However monohull sailboats heel where a speed boat will not, and unless the sailboat has the overall shape of a log, the heel creates more freeboard on the windward side, and less on the lee. The distance from the water to the rail is defined as freeboard. Analysis of the MacGregor Classic, M, and X illustrates.
Start with a Mac26 Classic and its low freeboard. Crew will stand or sit lower on deck than they could ever position themselves outside of the cruiser on a Mac26M.
On a Mac26M weight at the higher level of the deck when forward, and assuming hull shape roughly equivalent, means the cruiser is less stable than the Classic.

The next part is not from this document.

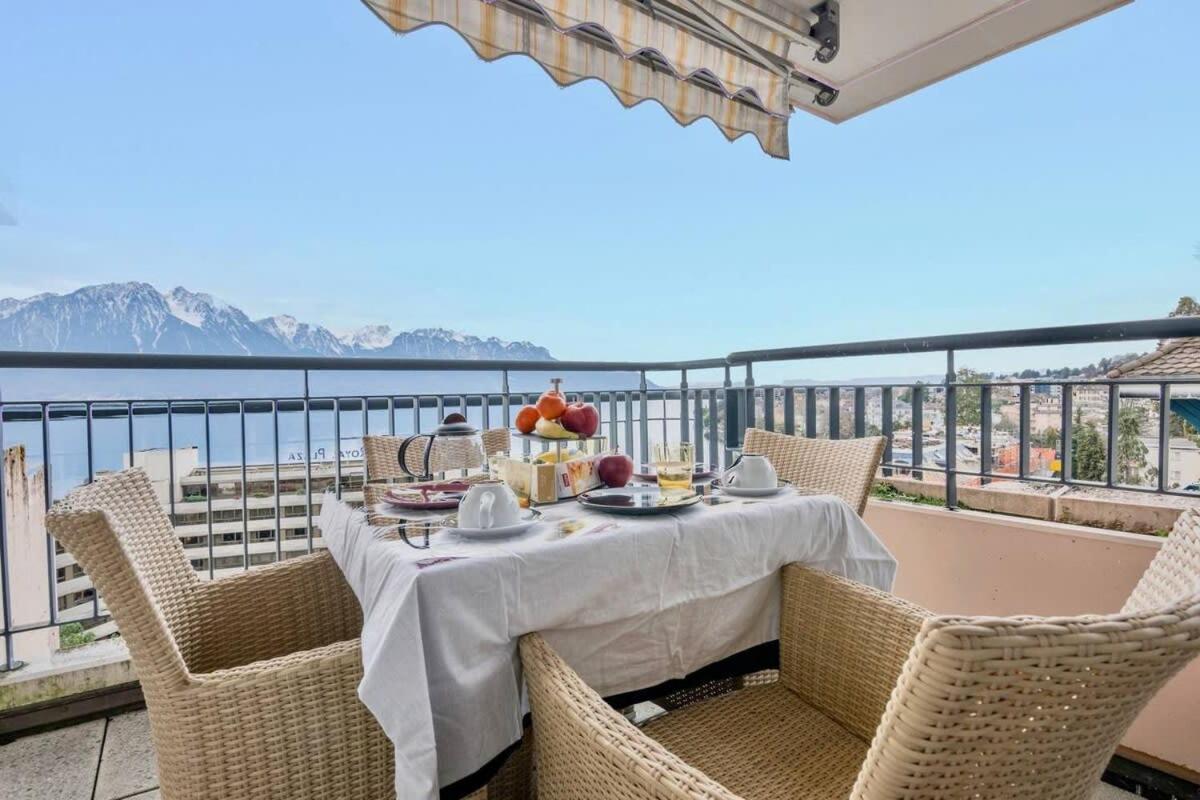 Alpine Stunning Apartment in Montreux by GuestLee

That condition is not necessarily bad. In fact in light wind it is beneficial. On a sailboat with a Classic or M style hull, that is light enough for crew weight to make a difference, crew will move forward to a point where the vessel will lean and, if the leaning is to the lee, sails will gain shape by the force of gravity alone. In very light wind – often what appears to be no wind – the light displacement sailboat with gravity filled sails requires just a small puff of wind to start moving forward. Only a small puff is needed because none of the energy in that wind is needed to lift the sails.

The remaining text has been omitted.